The Food Dudes initiative has suffered from poor backing despite excellent credentials, according to its creator.

Tracey Anthony, Food Dudes strategy business development manager at Bangor University, claimed Food Dudes was responsible for a “200 per cent increase in fruit and vegetable consumption” in some schools at the Catering in the Public Sector conference in London last week.

A number of reports have questioned why the Food Dudes scheme is not in every classroom in the UK. Royal College of General Practitioners president Professor Steve Field pointed the blame at parents, politicians and the lack of funding and devotion given to such projects by central government.

The Food Dudes initiative has now reached 120 schools across the UK and further afield to schools in the US.
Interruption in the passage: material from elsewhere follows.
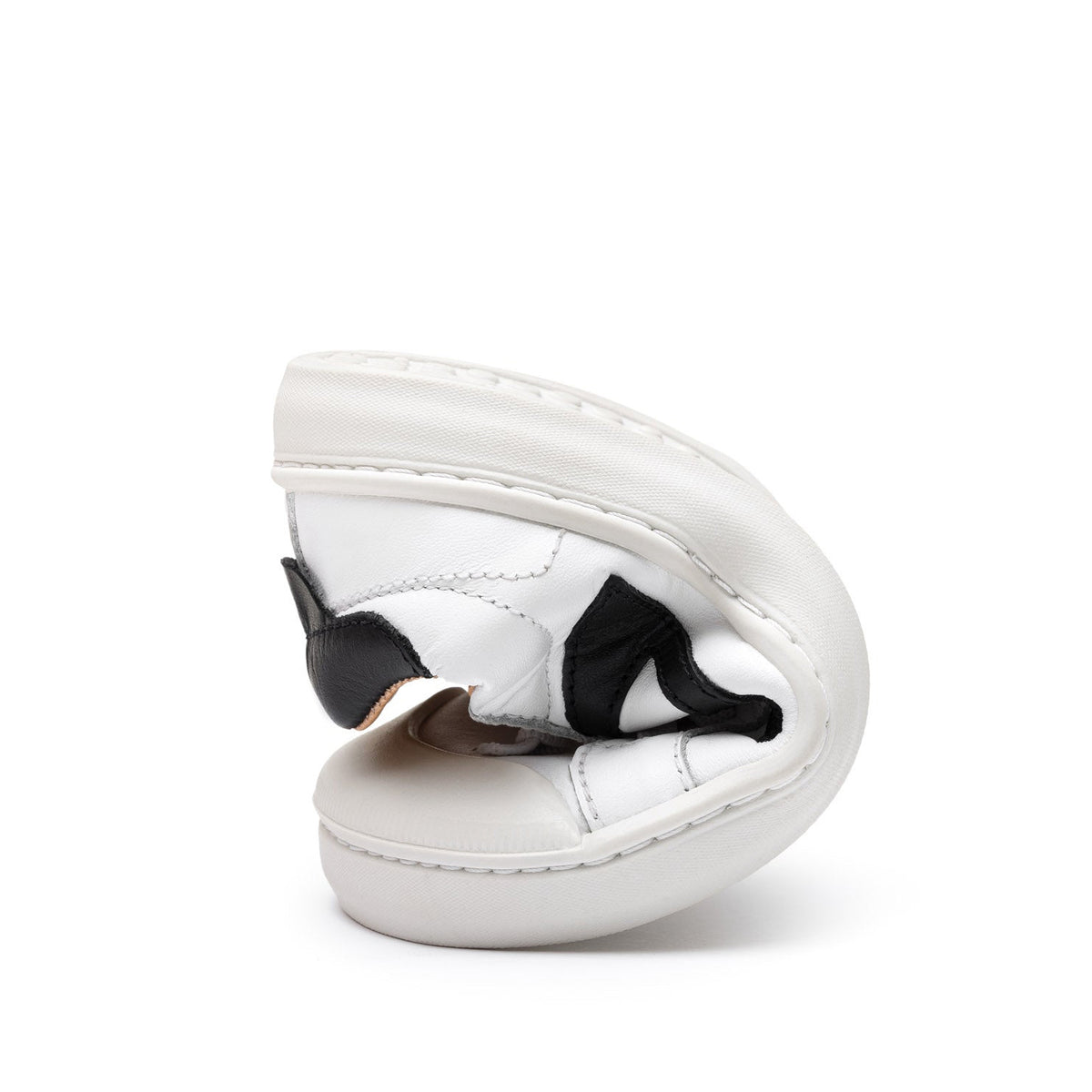 Calzado Infantil Barefoot Tip Toey Joey Ground Blanco y  Negro 6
Thousands of schoolchildren aged between two and 11 in the UK, Ireland and California are now participating in the programme to encourage children in the US to consume more fresh produce, created by Professor Fergus Lowe of Bangor University.

Asda’s external affairs director Paul Kelly also lamented the apparent apathy towards nutrition at the conference. He said: “Food is not high enough on the government agenda and the cabinet committee on food has stood down.”

Kelly insists that the situation is unfair given the number of people employed in the UK food industry.

Lowe believes if more schools and local authorities are to take up the scheme, more has to be done by food companies and the fresh produce sector in general. He said a lack of co-operation by major supermarkets has only served as a stumbling block to the nationwide expansion of Food Dudes.